▶

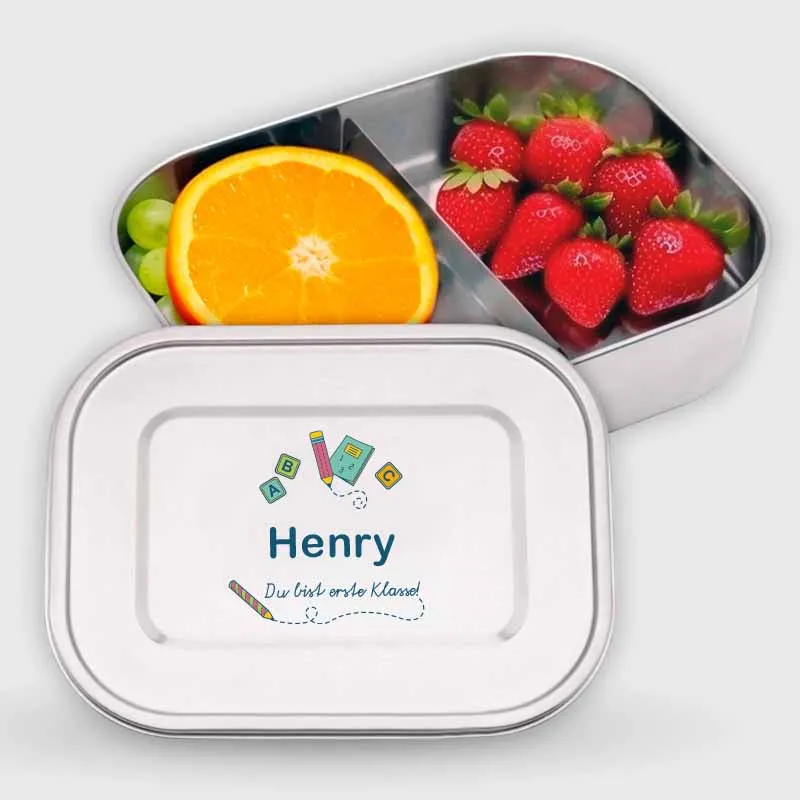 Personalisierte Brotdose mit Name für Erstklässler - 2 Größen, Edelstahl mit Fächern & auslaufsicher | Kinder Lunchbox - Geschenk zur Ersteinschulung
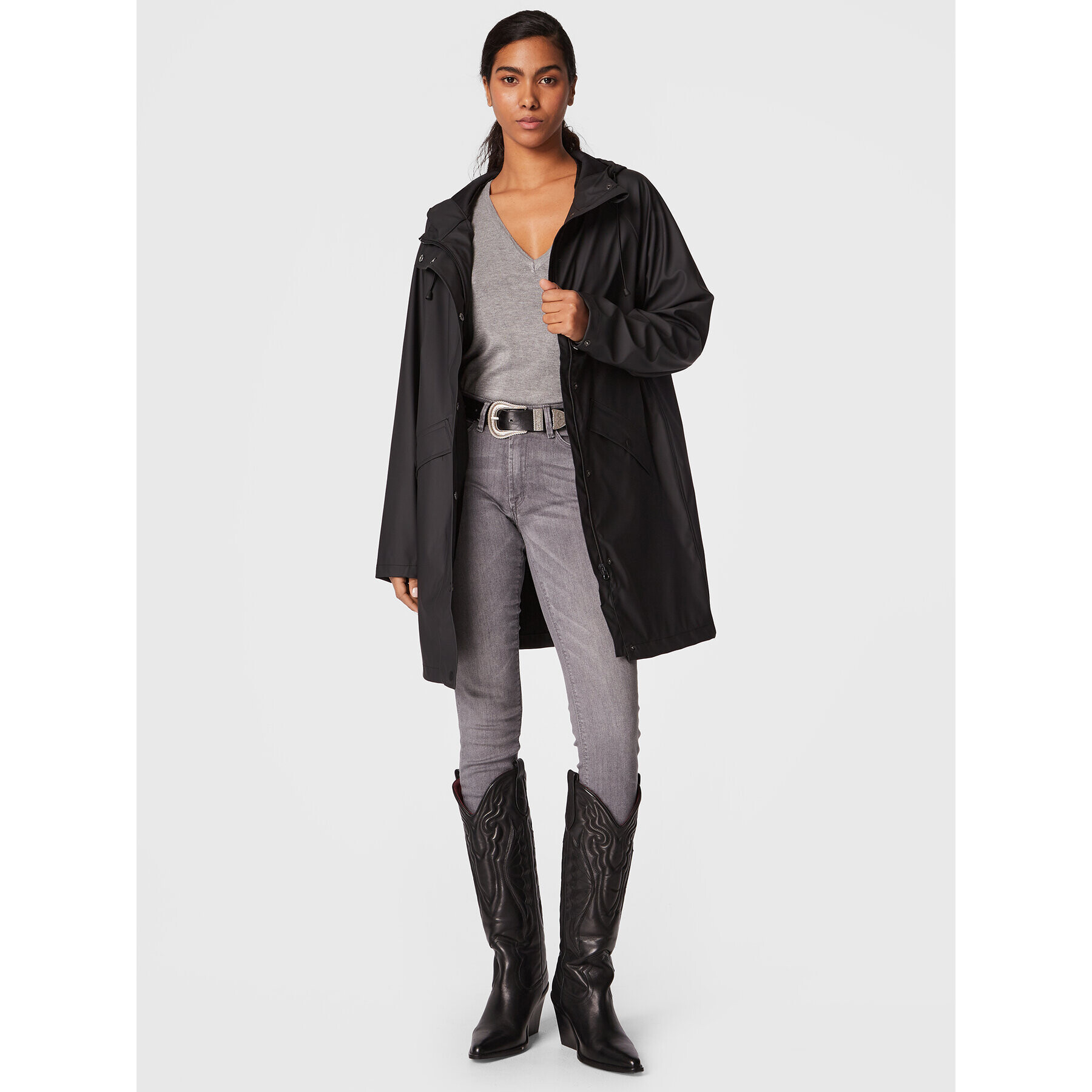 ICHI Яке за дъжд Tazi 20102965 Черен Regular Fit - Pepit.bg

◀
▶

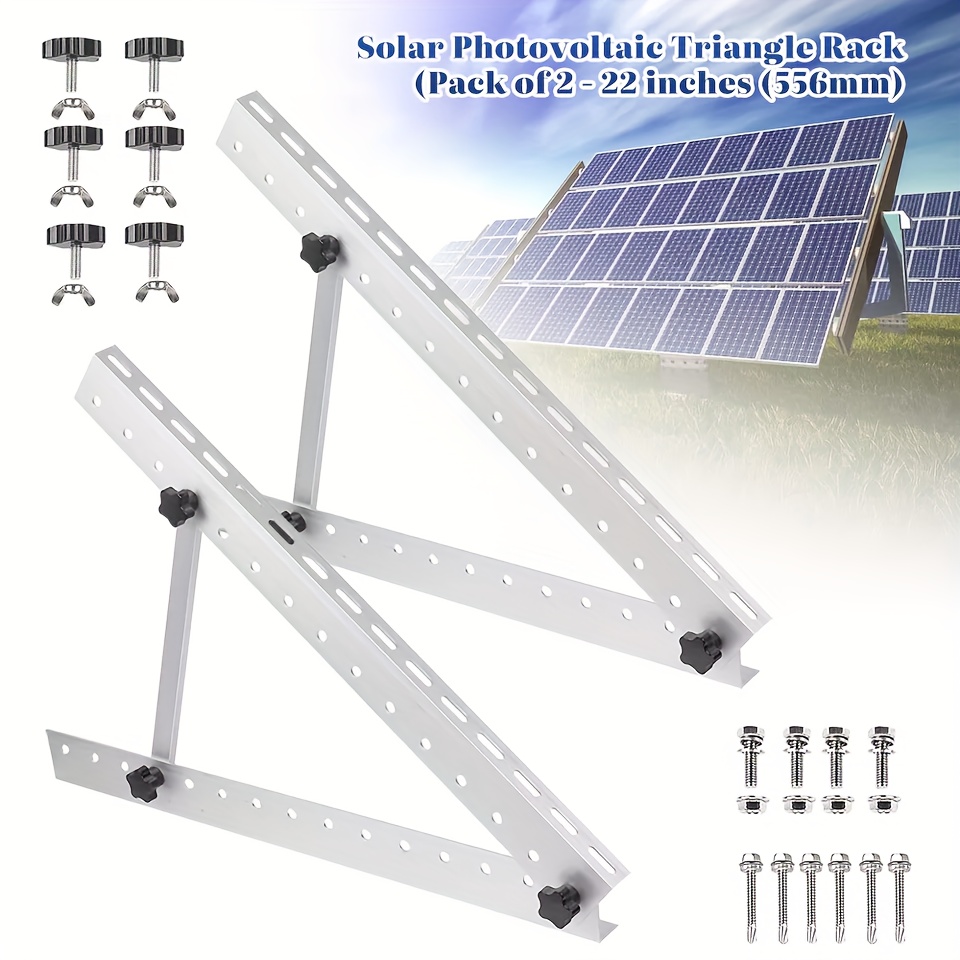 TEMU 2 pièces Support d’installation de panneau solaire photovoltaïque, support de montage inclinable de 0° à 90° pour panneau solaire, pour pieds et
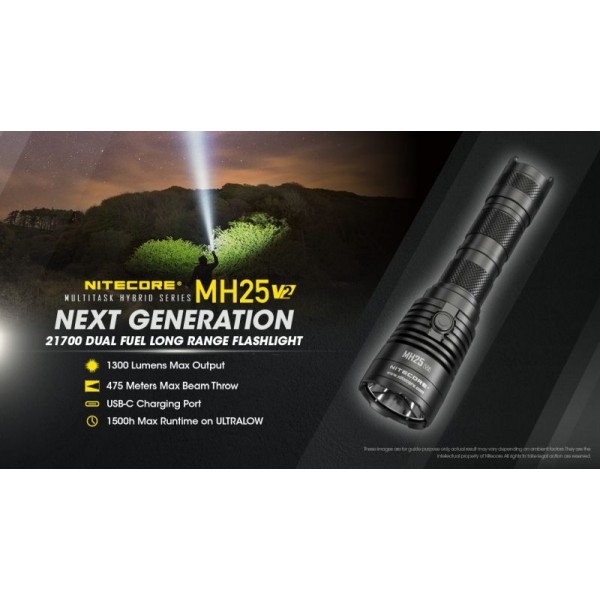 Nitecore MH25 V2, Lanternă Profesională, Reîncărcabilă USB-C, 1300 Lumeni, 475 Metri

◀

-- WORK ITEM --
With pictures omitted, repeat the entries above word for word from the line holding "TEMU 2 pièces" down to the line holding "Nitecore MH25 V2, Lanternă", keeping both of those lines.

-- COMPLETED EXERCISE --
 TEMU 2 pièces Support d’installation de panneau solaire photovoltaïque, support de montage inclinable de 0° à 90° pour panneau solaire, pour pieds et
 Nitecore MH25 V2, Lanternă Profesională, Reîncărcabilă USB-C, 1300 Lumeni, 475 Metri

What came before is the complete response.